05/12/2006 12:00AM

Lack of slots money forces a cut in dates


Penn National Race Course and its horsemen have agreed on a plan to cut the number of live race days each week from four to three beginning on May 30, officials for the track and the Penn National Horsemen's Benevolent and Protective Association said on Friday.

The new schedule, which has been submitted to the Pennsylvania Horse Racing Commission for its approval, calls for nine-race cards on Tuesday, Wednesday, and Thursday nights. Penn currently runs Wednesday through Saturday nights.

For the past 12 months, Penn National has contributed $4 million in subsidies to the horsemen's purse account in anticipation of the opening of a slot-machine casino. Because of regulatory delays, however, the casino is not expected to open until next year, and the subsidy has run out, officials said.

According to Todd Mostoller, the executive director of the Penn National HBPA, horsemen agreed to the reduction in race days so that the track's average daily purse distribution remains at $80,000.

"It's the best solution to a bad situation," Mostoller said. "This way we don't have a purse cut, and we can go back to the four-day schedule when the revenues support it."

Penn National continues to hold live racing despite the demolition of its grandstand in April.
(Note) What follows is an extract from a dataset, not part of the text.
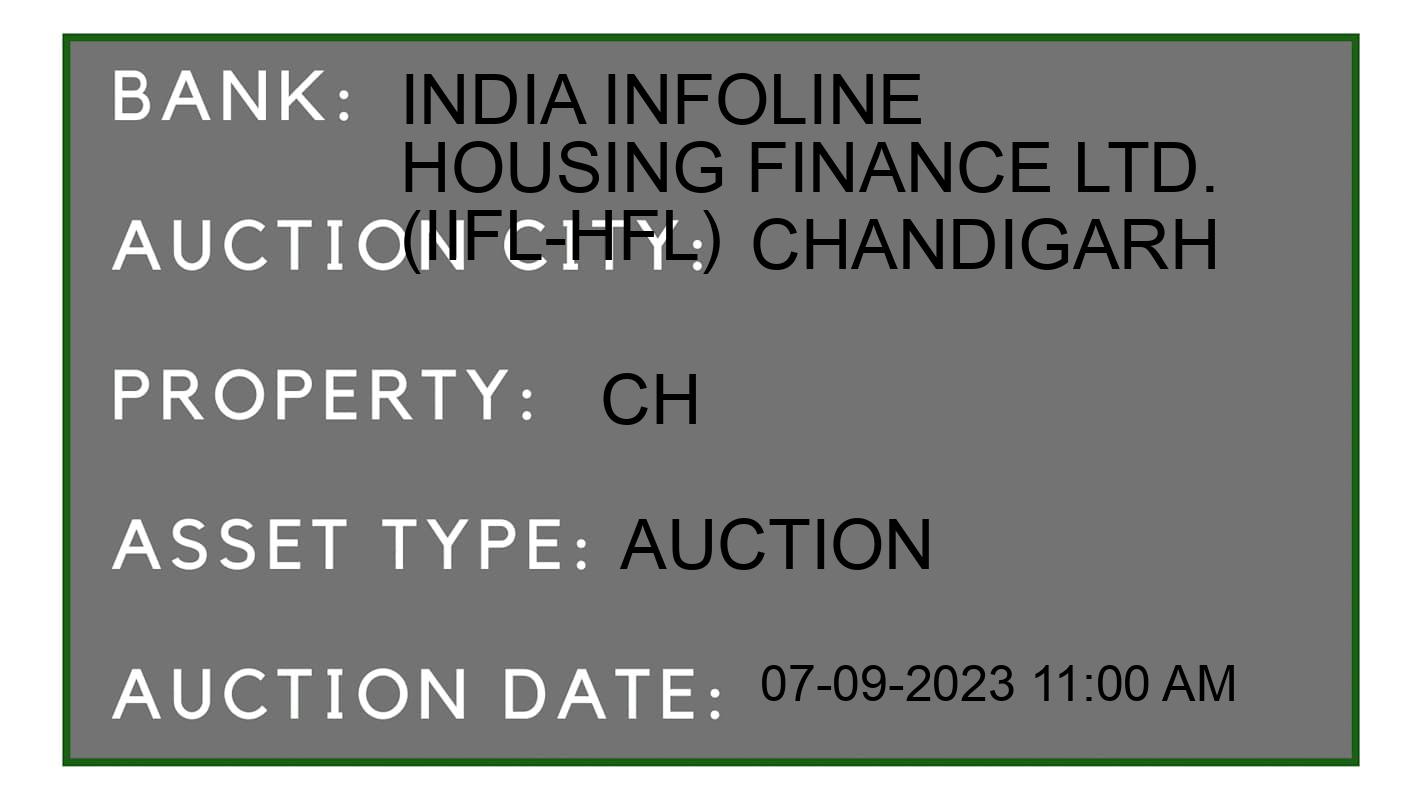 Auction Bank India - ID No: 174227 - India Infoline Housing Finance Ltd. (IIFL-HFL) Auction of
Mostoller said that horsemen and track officials agreed to the Tuesday-through-Thursday schedule in order to capitalize on the dearth of simulcast signals on Tuesday nights.

"The feeling is that we might be a good fit in the simulcast market on Tuesday night, and since right now the track isn't conducive to live racing from the standpoint of the public, we decided to take a shot," Mostoller said.

The Pennsylvania law legalizing slot machines requires a track to run at least 95 percent of the days that the track ran in 1986 unless the track's horsemen waive the requirement. In Penn National's case, the track will be required to run at least 227 days a year, Mostoller said, when slots are up and running.